I woke up with the worst sore throat I’ve ever had in my life. I felt like I was choking on a pine cone. Swallowing sent brutal pain through my throat, and yet I couldn’t seem to make my mouth stop swallowing. I lay in a cold sweat, my muscles aching. Too sick to get up, too sick to fall asleep, and desperately in need of some NyQuil.
There was no NyQuil in my bathroom due to the fact that I “moved out” a couple weeks ago. My friend Ashlie and I are living just up the road from my parents’ place, which is why I put “moved out” in quotation marks, since I still spend quite a bit of time with my family. Like, for instance, when I need NyQuil.
Finally gathering enough energy to get out of bed, I tossed a few things into my backpack and climbed into my car for the 1/2 mile drive to the land of NyQuil and a comforting mother.

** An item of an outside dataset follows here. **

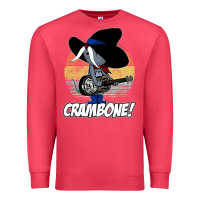 Cardinal Vintage distressed uncle pecos crambone Premium Sweatshirt - longCreatives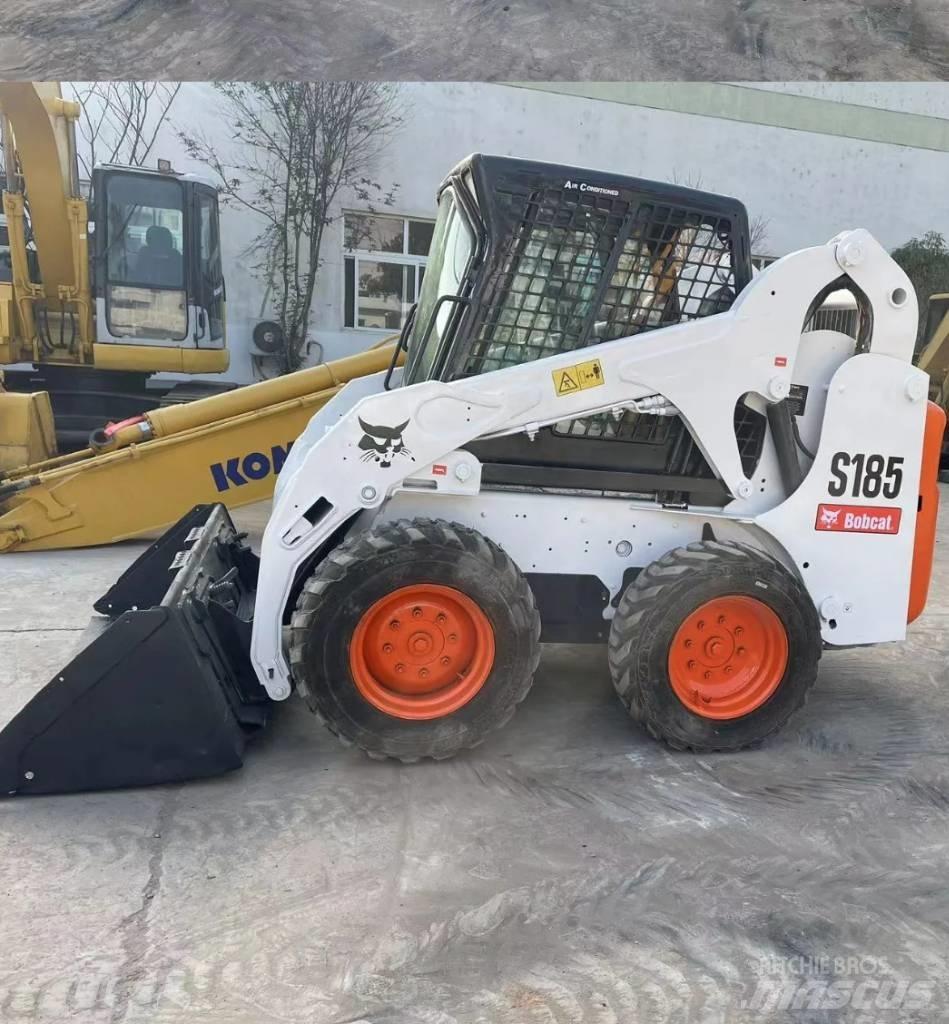 Bobcat S185 Minilæsser - skridstyret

I parked in the driveway, opened my car door, and then just sat there.
NPR was announcing the morning news. “We will be updating you regularly on the Egyptian Air flight that disappeared over the Mediterranean this morning.”
It was 5:00 am, and the sky was that eerie darkish blue of not-quite-morning.
Rain fell, suddenly, pattering on the roof of my car, the new-rain smell blowing in through my open door.
And somehow, in the middle of the weird eeriness, the intense pain in my throat, and the sadness of another plane disappearing, I felt an overwhelming sense of peace. I didn’t feel the crushing stress of the last couple weeks of term. I guess this is what they call a peace that passeth all understanding.
I’m on antibiotics now, and I woke up this morning with my throat barely hurting at all, thank God.
It’s very much coming down to crunch time, school wise, and I stress because I don’t know how to not stress. But for the past few days I’ve been clinging to the memory of that peace because I love to know that it exists.